[[ Listed entries open ]]

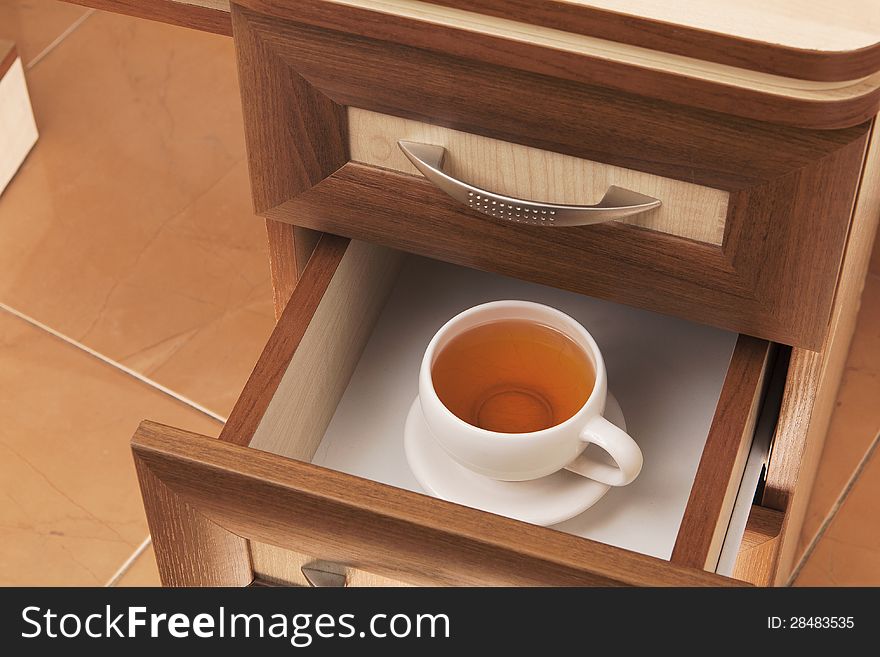 Cup Of Tea In Desk Drawer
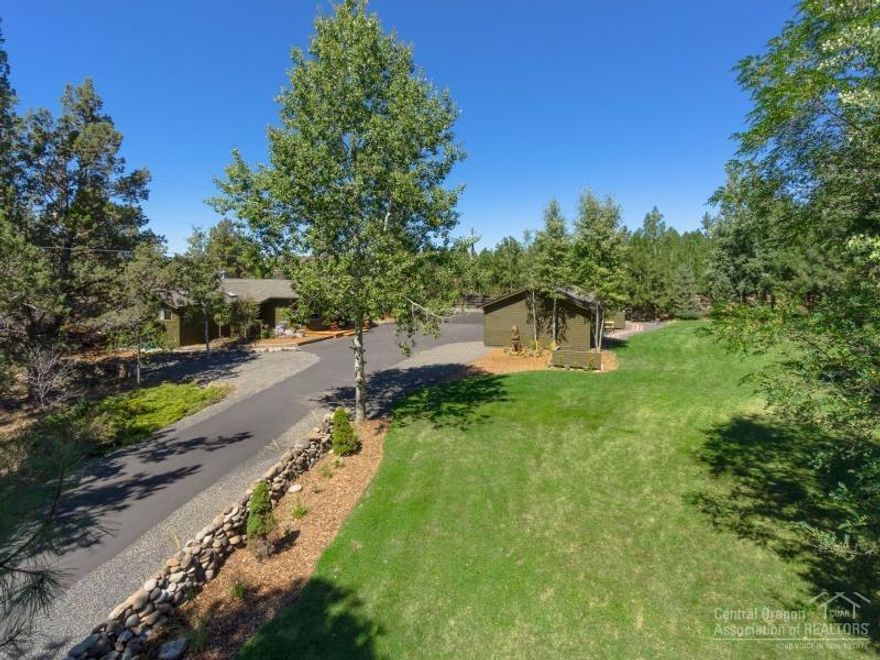 Private, one-of-a-kind Tumalo acreage with irrigation, river frontage & Cascade Mountain views. All on a single level enjoy a fresh remodel on this ranch style home. Updates include a new kitchen, oversized 2 car garage, fire place, dining & family area, exterior paint & deck stain & a new septic system. Additional building include guest house (2 bdr/2 bath), a separate artist's studio. Other highlights are a hot tub, gated entry, &RV hook-up. Truly a unique opportunity!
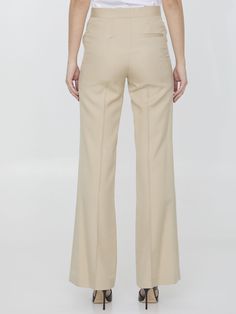 Iconic flare pants in sand-colored viscose. It features zip, button and hook-and-eye closure, two side welt pockets and one rear welt pocket. Regular fit. The model is 178cm tall and wears size IT 40. Size nationality: IT Product number: 6017751 Product code: 6400933DU7012600 Composition: 100% viscose Platform Wedge Heels, Loafer Sneakers, Premium Brands, Dress Pant, Pump Sandals, Dress With Cardigan, Cardigan Jacket, Clothes Collection, Flare Pants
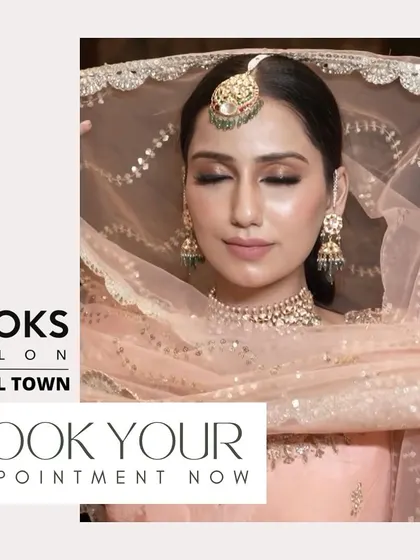 A serene portrait of our bride, with her eyes gently closed to showcase the delicate eyeshadow work. This image highlights the artistry and precision we bring to every bridal makeup application.
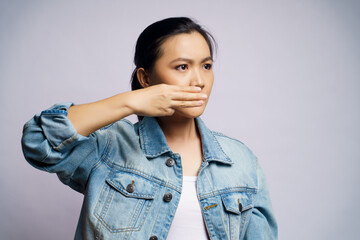 Asian woman showing three finger isolated over white background.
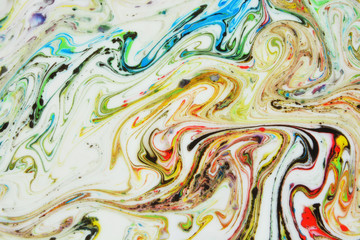 Abstract painting technique Ebru .Turkish style Ebru on the water with acrylic paints press waves.Modern art marble liquid texture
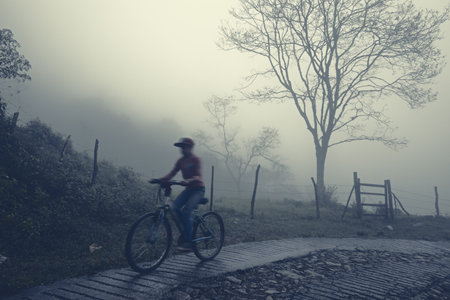 Cyclist on the countryside road surrounded with milky fog. Mexico, Huasteca Potosina, Aquismon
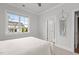 Bedroom with a view of the neighborhood, neutral walls, and a cozy atmosphere at 2077 Amalfi Pl, Apex, NC 27502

[[ Listed entries closed ]]

-- What is expected --
What's needed is an exact retyping of the records, pictures excluded.

-- Response to the exercise --
 Cup Of Tea In Desk Drawer
 Private, one-of-a-kind Tumalo acreage with irrigation, river frontage & Cascade Mountain views. All on a single level enjoy a fresh remodel on this ranch style home. Updates include a new kitchen, oversized 2 car garage, fire place, dining & family area, exterior paint & deck stain & a new septic system. Additional building include guest house (2 bdr/2 bath), a separate artist's studio. Other highlights are a hot tub, gated entry, &RV hook-up. Truly a unique opportunity!
 Iconic flare pants in sand-colored viscose. It features zip, button and hook-and-eye closure, two side welt pockets and one rear welt pocket. Regular fit. The model is 178cm tall and wears size IT 40. Size nationality: IT Product number: 6017751 Product code: 6400933DU7012600 Composition: 100% viscose Platform Wedge Heels, Loafer Sneakers, Premium Brands, Dress Pant, Pump Sandals, Dress With Cardigan, Cardigan Jacket, Clothes Collection, Flare Pants
 A serene portrait of our bride, with her eyes gently closed to showcase the delicate eyeshadow work. This image highlights the artistry and precision we bring to every bridal makeup application.
 Asian woman showing three finger isolated over white background.
 Abstract painting technique Ebru .Turkish style Ebru on the water with acrylic paints press waves.Modern art marble liquid texture
 Cyclist on the countryside road surrounded with milky fog. Mexico, Huasteca Potosina, Aquismon
 Bedroom with a view of the neighborhood, neutral walls, and a cozy atmosphere at 2077 Amalfi Pl, Apex, NC 27502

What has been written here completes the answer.